(Records contained in a dataset)

━━━━━━━━

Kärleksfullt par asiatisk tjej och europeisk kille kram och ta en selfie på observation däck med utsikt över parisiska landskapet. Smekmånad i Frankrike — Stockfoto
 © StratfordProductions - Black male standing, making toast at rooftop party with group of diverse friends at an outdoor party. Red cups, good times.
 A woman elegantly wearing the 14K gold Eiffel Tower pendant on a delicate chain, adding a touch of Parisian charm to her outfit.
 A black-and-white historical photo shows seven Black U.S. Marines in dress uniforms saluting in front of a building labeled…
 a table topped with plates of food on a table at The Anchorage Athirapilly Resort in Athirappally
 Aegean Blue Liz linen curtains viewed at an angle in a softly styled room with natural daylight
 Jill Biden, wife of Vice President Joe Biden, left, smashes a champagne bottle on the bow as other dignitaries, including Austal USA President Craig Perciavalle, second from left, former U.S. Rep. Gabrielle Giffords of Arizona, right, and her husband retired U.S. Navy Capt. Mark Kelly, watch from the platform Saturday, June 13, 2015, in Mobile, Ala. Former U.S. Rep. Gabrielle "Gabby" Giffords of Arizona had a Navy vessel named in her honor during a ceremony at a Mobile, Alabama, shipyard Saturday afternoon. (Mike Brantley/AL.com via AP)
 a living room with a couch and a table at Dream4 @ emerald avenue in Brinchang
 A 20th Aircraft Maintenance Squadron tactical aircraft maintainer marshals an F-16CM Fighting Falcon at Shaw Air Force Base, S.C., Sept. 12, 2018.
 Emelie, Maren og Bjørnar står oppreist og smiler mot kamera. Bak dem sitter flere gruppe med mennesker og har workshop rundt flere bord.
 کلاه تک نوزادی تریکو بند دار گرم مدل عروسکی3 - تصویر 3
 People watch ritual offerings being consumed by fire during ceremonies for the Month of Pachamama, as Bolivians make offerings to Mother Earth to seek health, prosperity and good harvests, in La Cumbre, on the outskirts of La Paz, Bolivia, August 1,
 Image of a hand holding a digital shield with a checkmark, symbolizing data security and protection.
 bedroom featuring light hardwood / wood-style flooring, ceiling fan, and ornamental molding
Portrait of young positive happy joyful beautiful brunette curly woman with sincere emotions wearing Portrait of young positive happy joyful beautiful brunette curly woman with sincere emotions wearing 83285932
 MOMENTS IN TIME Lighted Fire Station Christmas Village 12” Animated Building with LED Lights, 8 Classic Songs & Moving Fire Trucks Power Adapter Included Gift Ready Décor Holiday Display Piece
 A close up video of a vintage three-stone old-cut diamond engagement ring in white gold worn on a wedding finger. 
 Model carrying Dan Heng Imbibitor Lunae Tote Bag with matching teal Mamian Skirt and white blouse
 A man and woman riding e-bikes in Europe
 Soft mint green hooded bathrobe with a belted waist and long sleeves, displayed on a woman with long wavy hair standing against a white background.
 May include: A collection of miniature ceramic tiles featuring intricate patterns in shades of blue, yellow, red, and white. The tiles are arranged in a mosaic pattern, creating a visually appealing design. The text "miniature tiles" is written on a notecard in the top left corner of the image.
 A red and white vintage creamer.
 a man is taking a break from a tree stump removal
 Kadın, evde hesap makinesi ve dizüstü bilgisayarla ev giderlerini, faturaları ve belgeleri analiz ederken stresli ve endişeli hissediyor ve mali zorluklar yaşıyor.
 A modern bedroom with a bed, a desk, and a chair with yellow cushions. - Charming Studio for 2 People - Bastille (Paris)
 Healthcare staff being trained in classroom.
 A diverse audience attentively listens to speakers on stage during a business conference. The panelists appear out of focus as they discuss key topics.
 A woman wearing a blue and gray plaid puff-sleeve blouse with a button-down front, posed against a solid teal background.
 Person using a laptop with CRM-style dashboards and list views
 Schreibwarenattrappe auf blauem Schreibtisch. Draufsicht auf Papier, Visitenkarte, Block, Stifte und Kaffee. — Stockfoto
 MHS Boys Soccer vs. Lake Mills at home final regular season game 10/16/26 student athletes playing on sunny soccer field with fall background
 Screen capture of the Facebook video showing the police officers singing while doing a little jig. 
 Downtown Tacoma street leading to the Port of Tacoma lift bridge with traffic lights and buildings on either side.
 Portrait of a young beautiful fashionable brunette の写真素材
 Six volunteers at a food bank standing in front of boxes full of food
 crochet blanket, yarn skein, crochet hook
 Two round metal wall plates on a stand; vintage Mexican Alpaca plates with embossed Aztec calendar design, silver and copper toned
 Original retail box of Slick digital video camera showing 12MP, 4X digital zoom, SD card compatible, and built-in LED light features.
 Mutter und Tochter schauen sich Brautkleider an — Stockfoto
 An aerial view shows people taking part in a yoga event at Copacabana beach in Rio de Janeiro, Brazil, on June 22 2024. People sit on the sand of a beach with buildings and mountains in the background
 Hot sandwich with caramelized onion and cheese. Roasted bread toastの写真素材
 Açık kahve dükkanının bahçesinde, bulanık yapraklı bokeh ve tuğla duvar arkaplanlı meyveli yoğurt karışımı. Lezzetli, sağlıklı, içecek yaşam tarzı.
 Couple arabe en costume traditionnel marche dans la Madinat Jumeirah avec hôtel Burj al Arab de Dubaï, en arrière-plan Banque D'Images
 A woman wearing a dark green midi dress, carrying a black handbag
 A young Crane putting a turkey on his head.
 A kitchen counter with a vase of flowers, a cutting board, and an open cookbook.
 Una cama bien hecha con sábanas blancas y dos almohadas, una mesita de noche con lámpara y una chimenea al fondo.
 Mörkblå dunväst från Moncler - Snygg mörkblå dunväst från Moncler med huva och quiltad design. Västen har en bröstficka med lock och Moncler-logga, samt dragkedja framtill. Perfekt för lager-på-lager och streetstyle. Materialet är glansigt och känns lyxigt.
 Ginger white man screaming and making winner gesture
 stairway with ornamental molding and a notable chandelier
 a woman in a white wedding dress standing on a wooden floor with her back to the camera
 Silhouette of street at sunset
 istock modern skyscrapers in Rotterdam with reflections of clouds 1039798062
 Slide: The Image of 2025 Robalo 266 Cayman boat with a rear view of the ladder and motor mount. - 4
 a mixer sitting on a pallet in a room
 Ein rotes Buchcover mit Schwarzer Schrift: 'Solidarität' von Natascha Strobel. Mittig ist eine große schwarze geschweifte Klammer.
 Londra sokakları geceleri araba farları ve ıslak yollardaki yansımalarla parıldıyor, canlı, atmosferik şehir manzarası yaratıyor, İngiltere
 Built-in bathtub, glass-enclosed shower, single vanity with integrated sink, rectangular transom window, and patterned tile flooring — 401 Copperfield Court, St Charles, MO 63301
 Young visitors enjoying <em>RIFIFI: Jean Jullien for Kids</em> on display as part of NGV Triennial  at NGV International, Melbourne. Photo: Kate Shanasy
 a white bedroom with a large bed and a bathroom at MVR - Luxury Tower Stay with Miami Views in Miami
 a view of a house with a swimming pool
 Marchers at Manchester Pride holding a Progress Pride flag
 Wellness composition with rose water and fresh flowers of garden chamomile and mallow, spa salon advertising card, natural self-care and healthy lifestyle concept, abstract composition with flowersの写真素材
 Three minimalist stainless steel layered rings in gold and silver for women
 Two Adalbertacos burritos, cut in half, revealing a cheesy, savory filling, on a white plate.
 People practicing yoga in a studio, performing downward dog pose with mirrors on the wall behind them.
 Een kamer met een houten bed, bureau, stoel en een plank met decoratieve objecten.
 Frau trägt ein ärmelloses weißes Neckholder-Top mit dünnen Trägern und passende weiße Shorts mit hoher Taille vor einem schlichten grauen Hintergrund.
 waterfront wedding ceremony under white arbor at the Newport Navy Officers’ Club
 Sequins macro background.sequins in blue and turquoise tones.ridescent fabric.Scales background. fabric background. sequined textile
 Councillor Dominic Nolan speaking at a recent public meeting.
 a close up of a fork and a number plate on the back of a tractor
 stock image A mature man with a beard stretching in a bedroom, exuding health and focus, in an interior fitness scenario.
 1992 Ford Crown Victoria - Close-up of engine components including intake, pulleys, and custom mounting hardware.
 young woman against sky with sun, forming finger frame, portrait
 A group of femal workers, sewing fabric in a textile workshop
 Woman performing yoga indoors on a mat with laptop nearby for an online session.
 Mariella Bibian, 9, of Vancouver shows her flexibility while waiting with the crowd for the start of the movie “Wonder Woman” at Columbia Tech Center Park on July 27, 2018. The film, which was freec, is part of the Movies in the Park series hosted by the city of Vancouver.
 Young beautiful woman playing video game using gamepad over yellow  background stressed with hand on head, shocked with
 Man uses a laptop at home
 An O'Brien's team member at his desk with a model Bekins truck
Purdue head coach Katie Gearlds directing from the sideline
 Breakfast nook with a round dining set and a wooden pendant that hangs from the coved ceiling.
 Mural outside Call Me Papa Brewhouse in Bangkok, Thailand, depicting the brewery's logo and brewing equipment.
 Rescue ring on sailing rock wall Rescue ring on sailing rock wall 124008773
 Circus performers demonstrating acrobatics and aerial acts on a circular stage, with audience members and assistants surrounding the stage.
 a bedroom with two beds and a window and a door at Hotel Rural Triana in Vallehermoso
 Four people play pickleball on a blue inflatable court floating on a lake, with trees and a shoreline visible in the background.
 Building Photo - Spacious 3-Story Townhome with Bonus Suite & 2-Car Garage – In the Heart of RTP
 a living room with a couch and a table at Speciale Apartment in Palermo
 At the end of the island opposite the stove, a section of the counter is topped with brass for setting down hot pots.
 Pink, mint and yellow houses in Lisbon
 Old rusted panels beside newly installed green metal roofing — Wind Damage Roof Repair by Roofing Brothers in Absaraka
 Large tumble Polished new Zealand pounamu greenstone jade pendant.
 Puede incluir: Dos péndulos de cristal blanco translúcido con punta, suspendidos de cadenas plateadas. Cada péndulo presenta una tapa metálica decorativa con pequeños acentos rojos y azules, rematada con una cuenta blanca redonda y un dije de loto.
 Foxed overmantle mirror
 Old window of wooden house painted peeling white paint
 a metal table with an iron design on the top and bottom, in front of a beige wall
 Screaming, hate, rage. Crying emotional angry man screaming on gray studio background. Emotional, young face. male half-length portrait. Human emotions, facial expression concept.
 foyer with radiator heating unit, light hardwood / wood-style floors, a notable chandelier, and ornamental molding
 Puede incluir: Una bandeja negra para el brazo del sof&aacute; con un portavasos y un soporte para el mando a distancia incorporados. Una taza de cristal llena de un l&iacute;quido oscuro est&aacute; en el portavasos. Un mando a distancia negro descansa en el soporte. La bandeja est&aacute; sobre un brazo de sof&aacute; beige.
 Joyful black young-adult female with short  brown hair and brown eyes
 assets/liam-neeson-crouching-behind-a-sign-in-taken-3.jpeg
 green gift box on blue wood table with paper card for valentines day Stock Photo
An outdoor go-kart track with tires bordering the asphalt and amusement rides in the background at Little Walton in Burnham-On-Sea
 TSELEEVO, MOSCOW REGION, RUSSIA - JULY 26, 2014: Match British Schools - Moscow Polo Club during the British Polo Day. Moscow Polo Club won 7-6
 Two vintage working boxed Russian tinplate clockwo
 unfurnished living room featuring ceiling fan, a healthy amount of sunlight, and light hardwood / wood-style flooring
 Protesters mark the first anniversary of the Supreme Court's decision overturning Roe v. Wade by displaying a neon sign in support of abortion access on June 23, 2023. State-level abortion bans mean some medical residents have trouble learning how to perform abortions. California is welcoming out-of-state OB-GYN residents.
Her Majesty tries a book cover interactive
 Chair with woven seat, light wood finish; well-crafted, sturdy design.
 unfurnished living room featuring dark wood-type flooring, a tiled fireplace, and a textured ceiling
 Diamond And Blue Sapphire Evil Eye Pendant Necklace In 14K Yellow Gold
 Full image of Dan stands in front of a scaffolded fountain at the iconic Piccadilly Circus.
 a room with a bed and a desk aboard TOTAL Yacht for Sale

━━━━━━━━

### What you should do
Output the lines above exactly, but only those between the line holding "At the end of" and the line holding "unfurnished living room featuring ceiling", inclusive.

### Exercise output
 At the end of the island opposite the stove, a section of the counter is topped with brass for setting down hot pots.
 Pink, mint and yellow houses in Lisbon
 Old rusted panels beside newly installed green metal roofing — Wind Damage Roof Repair by Roofing Brothers in Absaraka
 Large tumble Polished new Zealand pounamu greenstone jade pendant.
 Puede incluir: Dos péndulos de cristal blanco translúcido con punta, suspendidos de cadenas plateadas. Cada péndulo presenta una tapa metálica decorativa con pequeños acentos rojos y azules, rematada con una cuenta blanca redonda y un dije de loto.
 Foxed overmantle mirror
 Old window of wooden house painted peeling white paint
 a metal table with an iron design on the top and bottom, in front of a beige wall
 Screaming, hate, rage. Crying emotional angry man screaming on gray studio background. Emotional, young face. male half-length portrait. Human emotions, facial expression concept.
 foyer with radiator heating unit, light hardwood / wood-style floors, a notable chandelier, and ornamental molding
 Puede incluir: Una bandeja negra para el brazo del sof&aacute; con un portavasos y un soporte para el mando a distancia incorporados. Una taza de cristal llena de un l&iacute;quido oscuro est&aacute; en el portavasos. Un mando a distancia negro descansa en el soporte. La bandeja est&aacute; sobre un brazo de sof&aacute; beige.
 Joyful black young-adult female with short  brown hair and brown eyes
 assets/liam-neeson-crouching-behind-a-sign-in-taken-3.jpeg
 green gift box on blue wood table with paper card for valentines day Stock Photo
An outdoor go-kart track with tires bordering the asphalt and amusement rides in the background at Little Walton in Burnham-On-Sea
 TSELEEVO, MOSCOW REGION, RUSSIA - JULY 26, 2014: Match British Schools - Moscow Polo Club during the British Polo Day. Moscow Polo Club won 7-6
 Two vintage working boxed Russian tinplate clockwo
 unfurnished living room featuring ceiling fan, a healthy amount of sunlight, and light hardwood / wood-style flooring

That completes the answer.